Wednesday 30 June 2010

Temptation (Quote)


"The greatest human temptation is to settle for too little." Thomas Merton.

Monday 28 June 2010

Avoiding the Call of Jesus

For those who complain about missionary Christianity's claims vis-a-vis other relgions see this. Here is the crunch.
 "What is thus stated in the form of a general rejection of all particularity in favor of a vision of universal validity is, when more deeply seen, more particular and more negative; namely, a specific pattern of avoidance of the particular claims of Christian loyalty in its continuing risk and uncertainty."

Tuesday 22 June 2010

Sinners

The two fundamental affirmations of Christianity are that God is good, and that we are sinners. The two go together. It is tempting, however, to split them. Most people seem to quite like the first; even those who don't believe in God! It is the second that causes all the trouble. Some people don't know how to make it an affirmation; they only hear it as destructive and over time can't stop it demolishing their carefully constructed sense of self. Others embrace the appellation of 'sinner' because it fits their low sense of self. Just another way to flagellate themselves.

We can hide from the harshness of the designation 'sinner' by looking at 'sin' and 'sinner' as forensic terms, with the simple meaning that we fail. 'Sinner' becomes a bare fact, rather than saying something about our identity as human beings. As a purely forensic term it remains external to who we are. However, a more nuanced and deeper exploration of our failure makes us realise that everything we do is tainted: we are sinners, not just occasionally falling into sin. And this is when it start to gets harder and people are tempted to recoil from 'sinner' altogether. This rejection of 'sinner' is completely understandable if our sense of self is dependent on us creating our sense of worth, through a kind of moral standing. (I'm a good person, I'm worthwhile, etc.) The 'self-made man' remains in control, separate and ultimately alone. But must at all costs avoid anything that can tear down the self-creation. (Good people can occasionally sin, but they remain essentially good, i.e. I am good.))

The alternative is offered by the gospel. God loves us. God comes to us when we are sinners to show not only that we don't have to create ourselves, but also that we can gain our true identity in that relationship of love.  Or to put it another way, when we are at our weakest God comes to us in an act of utter grace to show that we don't need to earn God's love. In Christ God's love is given freely and lavishly. And although grasping onto our self-creation will only hinder the full realisation of that love and our true identity in it, our self-creation can't prevent the generous showering of love that God gives to us. It can make us lovers of God and others. (Luke 7:47)

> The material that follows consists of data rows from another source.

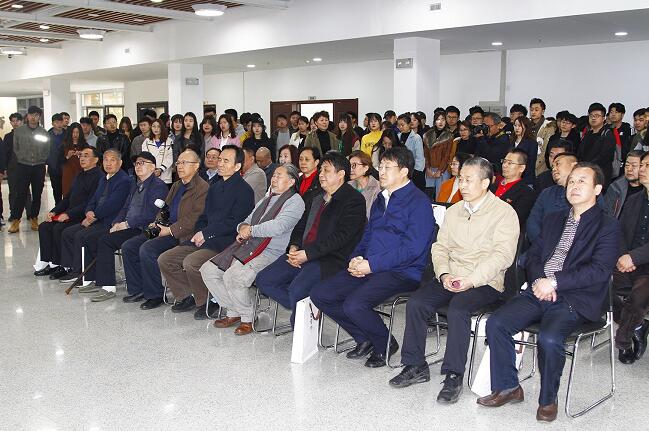 “都市水墨——马波生水墨作品展”在山东建筑大学开幕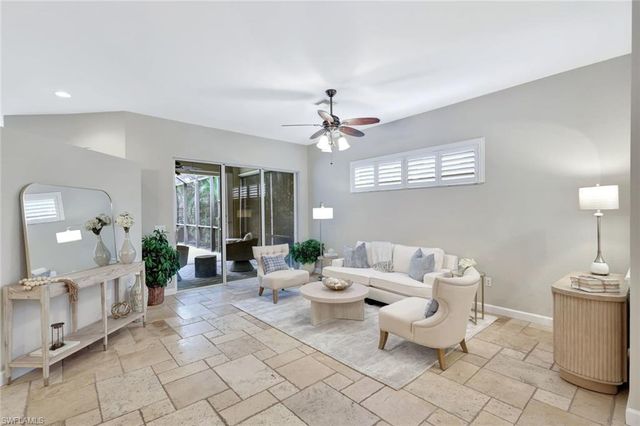 6119 Manchester PL, Naples, FL 34110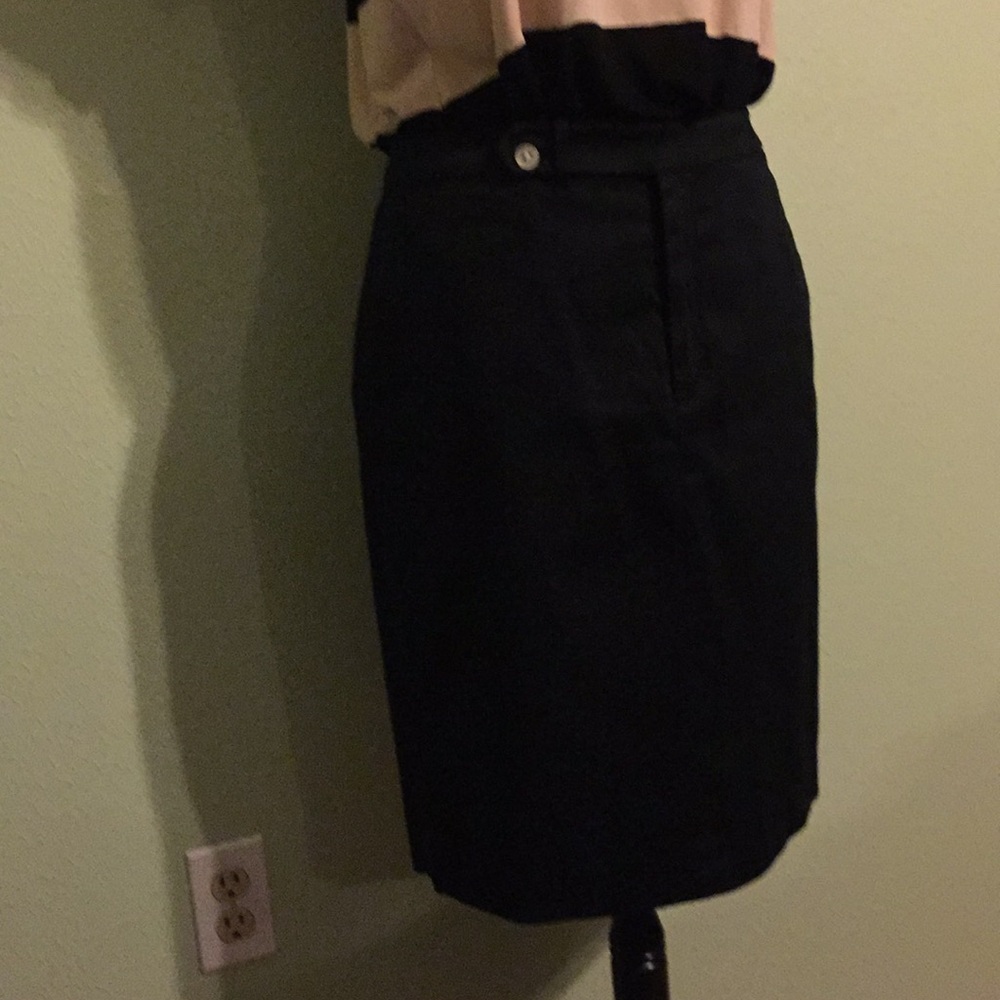 Black pencil skirt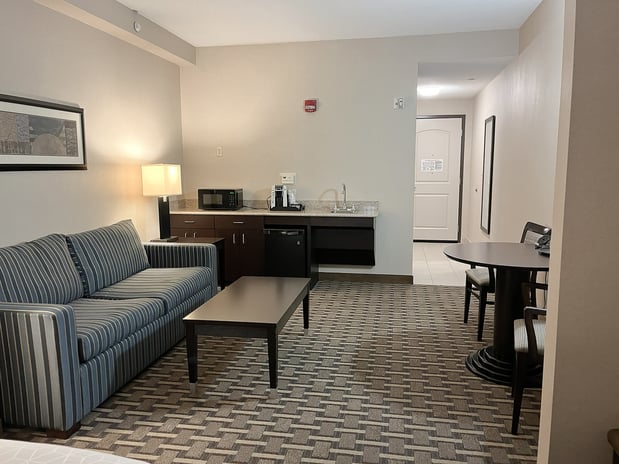 Images Holiday Inn Express & Suites Morton Peoria Area by IHG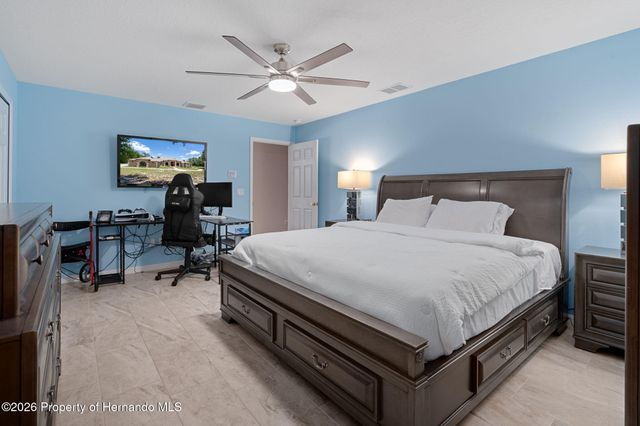 222 Suncoast Boulevard, Spring Hill, FL 34608
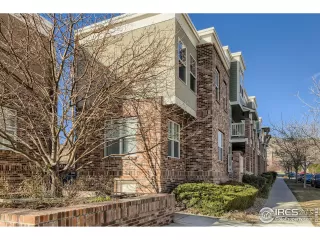 Photo #2: 989483 Listing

And we can go further than this. God's gracious act in Christ shows us that our self-creation remains irrelevant to receiving God's love. Grace is not a stepping stone to a spot where we can take over ourselves, eventually creating a self that doesn't need God entirely and utterly. We don't at some point take over from God's grace and do it ourselves and thereby eventually earn a grudging acceptance from God. Our identity is always to be found in God's gracious action in Christ.

Moralists are suspicious of the bold statement that our moral standing is irrelevant to receiving God's love. They are worried that grace then becomes cheap. St Paul's critics thought the same. Whatever you do with the call to holiness it should never be at the expense of our utter dependence on God's love irrespective of any self-created personhood or moral standing. On the other hand, St Paul did not preach cheap grace, and for all those who accept the pure gratuity of God's love an annual reading of Bonhoeffer on costly grace is a necessity. (Dietrich Bonhoeffer, The Cost of Discipleship, pp. 35-47.) Grace is not to be universalised as a principle that is everywhere present and automatically available apart from God's free act in Christ. This is the error of liberal Christianity: moving from God's love in Christ freely given and without reserve to a necessary principle universally available, conceived almost as a right. Cheap grace in other words.

Monday 21 June 2010

Would Jesus Go to Church?

Once a month we hold an event at Holy Innocents named QT (Question Time). The event is exactly that: speakers, questions from the audience, great live music, wine from Belair Fine Wines, and delicious snacks from Foods From the Edge. Last night the question was whether God/Jesus/you/me/anybody would/should come to church? I was the speaker for the affirmative, and not just the affirmative, but that if Jesus were going to go to church (rather than synagogue) he would go to a traditional church. I made three broad points:

First, many people find church such a disappointment. We love to point the finger or regale a good conspiracy story about the church, the Vatican, bishops, priest, monks and nuns, or the generally hypocritical group of human beings known as church-going Christians. Well, I think the church is a disappointment. We are sinners. (See here for more on this point.)  But remember, Jesus quite liked sinners. When the church forgets it is a company of sinners, Jesus would disapprove. But sinners who seem to be getting it wrong and know it? He'd hang around with us.  What is the alternative anyway? Are those who say they don't come to church because the people who go to church aren't perfect saying that they would come if we were perfect? (Like them?) If you are one of those then I am glad we aren't perfect because you'd be a bigger pain in the arse than we are already.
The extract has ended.